Boşanmış bir ailenin evladı olarak baba imgesi uzun zaman sorunlu, uzak, yabancı, çözümsüz gelmiştir bana. Dediğim gibi bu öyküler uzun zamandır gizlediğim, derinlere gömdüğüm bir zamanda, bir süredir görmediğim bir babanın adeta yeniden ortaya çıkmasıyla birlikte azar azar kaleme geldi. Mutlu ailelerde anlatılacak, ilgi cezbedecek, yazacak cazip pek bir şey yoktur. Tolstoy’un ‘Mutlu aileler birbirine benzerler, her mutsuz aileninse kendine özgü bir mutsuzluğu vardır’ dediği gibi Anne Karenina romanında benim için yazılası hikâyeler hep bu minvalde sorunlu ailelerdir. Babanın, erkin, iktidarın, dokunulmazlığın, kutsallığın, eril şiddetin, zorbalığın, mutsuzluğun hikâyesini yazmak hesaplaşmanın en uç noktasıdır. Bunu hikâye edebilmekse bence muazzam bir kapı aralar hem yazana hem de okuyana. Aile kutsal değil hele bu çağda daha çok çürümüş bir kavramdır. Toplumsal çürüme, yozlaşma, bozulma en küçük yapıda ailede başlar maalesef. Edebiyat iyileştirir mi bilmiyorum ama sadece bana ait olduğunu sandığım acının, yaranın, eksikliğin aslında hepimize ait olduğunu, ortak bir kederi, acıyı, derdi paylaşmanın sadece edebiyat, sanat aracılığı ile mümkün olduğunu göstermiştir. İnceliklerden yoksun bir toplum olmaktan kurtulmak için acıyı, utancı paylaşmamız gerektiğine inanıyorum. Ben içimdeki derdi, meseleyi yazarak paylaşmaya çalışıyorum.
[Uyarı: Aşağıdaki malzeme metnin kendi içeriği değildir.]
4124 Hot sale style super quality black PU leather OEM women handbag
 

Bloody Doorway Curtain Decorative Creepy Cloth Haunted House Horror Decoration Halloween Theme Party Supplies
Yazdığım öyküleri okurken rahatsız olan, irkilen olursa da ne mutlu bana ki onlara bambaşka hayatların olduğunu hatırlatmış oluyorum.
Bizim toplumumuzda aileye kutsallık atfedilmiştir. Hatta bu yüzden aile içinde yaşanan farklı türdeki şiddet, istismar pek yansıtılmaz. ( Kol kırılır, yen içinde kalır, anlayışıyla) Sağlıklı bir toplum için aile ile nasıl bir bağ kurulmalı sence?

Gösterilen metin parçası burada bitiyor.